Pronghorn is highly scalable, with the potential in future to scale across multiple boxes. It uses FUSE to present data in a way that allows powerful nested analysis (and in the future follow on analysis).

By using third party libraries and multiple processes, pronghorn achieves resilience while gaining the benefit of third party libraries.

Adding a new sub contractor is relatively straightforward for those with a knowledge of C. While they have not yet been implemented, it would be simple to implement a subcontractor that looked for keywords or patterns (email addresses, web links, etc). Such a tool would then inherit the benefit of the other modules, potentially finding data nested several levels deep.

The configuration framework allows the user to specify options that affect only a subset of pronghorn processes. This is because the group name specifies the process that is affected by that option. When a process looks up a configuration option the default behaviour is:
- Match on any configuration options that have group matching my PID
- Match on any configuration options that have group matching my process name
- Match [general]

With this design it’s possible to change the verbosity of specific processes, ie
general.log_verbosity=ERROR
subcontractor_sleuth.log_verbosity=DEBUG

Will force subcontractor_sleuth to output a full set of DEBUG messages, while reducing the messages from all other processes.
Also, when coupled with valgrind this allows a developer to valgrind check their specific process by using
subcontractor_sleuth.valgrind_opts=/usr/bin/valgrind,--log-file=/tmp/val.log

Note that due to this flexibility there is no sanity checking done on configuration options. So mistyping valgrind_opts to valgrind_opt would be accepted by the framework and would have no effect on any process.

Limitations

As pronghorn is a prototype, it suffers some limitations. At present it relies on having the beginning portion of a file in order for it to have a chance of identifying it correctly. Starting from the middle of the file is likely to lead to a misdiagnosis.

There is no easy way at present to mount a given path following a pronghorn run. It was always intended there would be an easy mechanism to provide a path and have pronghorn remount it following analysis. For smaller images, it is possible to modify the behaviour of pronghorn to simply not unmount anything, however due to possible resource exhaustion this is not enabled.

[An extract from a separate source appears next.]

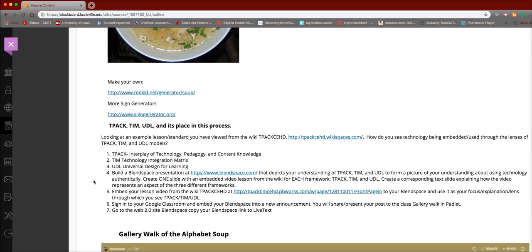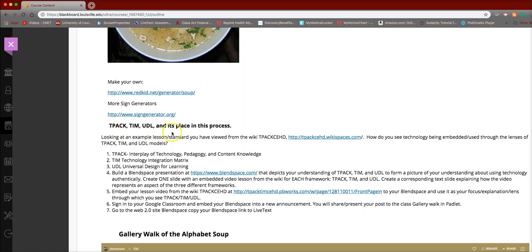I find a lot of people actually get a great deal of enjoyment out of it because we're going to be looking at videos of classes that are actually using technology in the class. And then we will be identifying those that represent TPACK, TIM, and UDL. Not all at the same time. Separately.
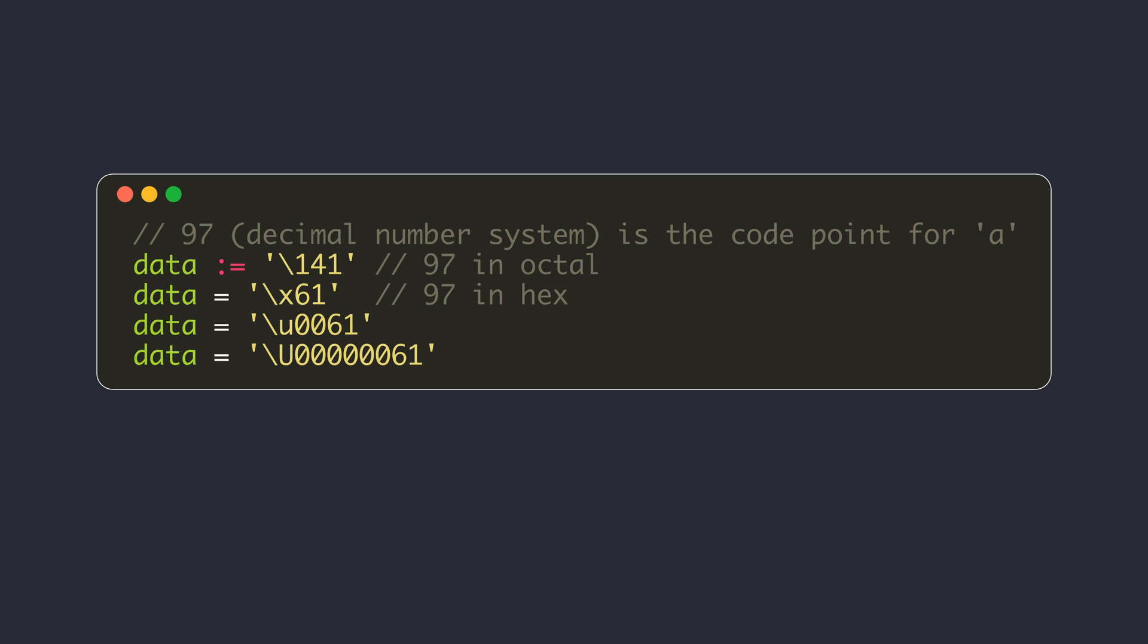Go supports different syntaxes to use Unicode values. Here, all these are for storing the English lowercase character a. The Unicode value for lowercase a is 97 in the decimal number system. 141 is the equivalent value in the octal number system. You can use a backslash followed by exactly 3 octal digits to represent a rune value.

At present, it’s not a simple task to run two instances of pronghorn at the same time on the same machine, because configuration options for the queues are set in the config file. The eventual intention will be to have pronghorn auto-select transport queues, and have options only for the specific case of running pronghorn across multiple machines.

At present, pronghorn doesn’t correctly support NTFS alternate data streams. This is because the fuse representation of the files on the filesystem uses ID number rather than names - and currently the file system subcontractor uses the file’s inode number as its ID number. It was determined that keeping the inode number was probably a good feature, so the decision was made to drop ADS for the time being until the framework was upgraded. The subcontractor (through the sleuthkit) can find them, the framework just needs a better way to represent them.

Since pronghorn is prototype software, many of the sub contractors (both in terms of classifiers and fuse mounting) require more testing and development. A significant amount of development time was spent on the framework, probably at the expense of the subcontractors. Above all, it is a prototype, and requires extensive testing (and ideally input from the community) to progress the concept.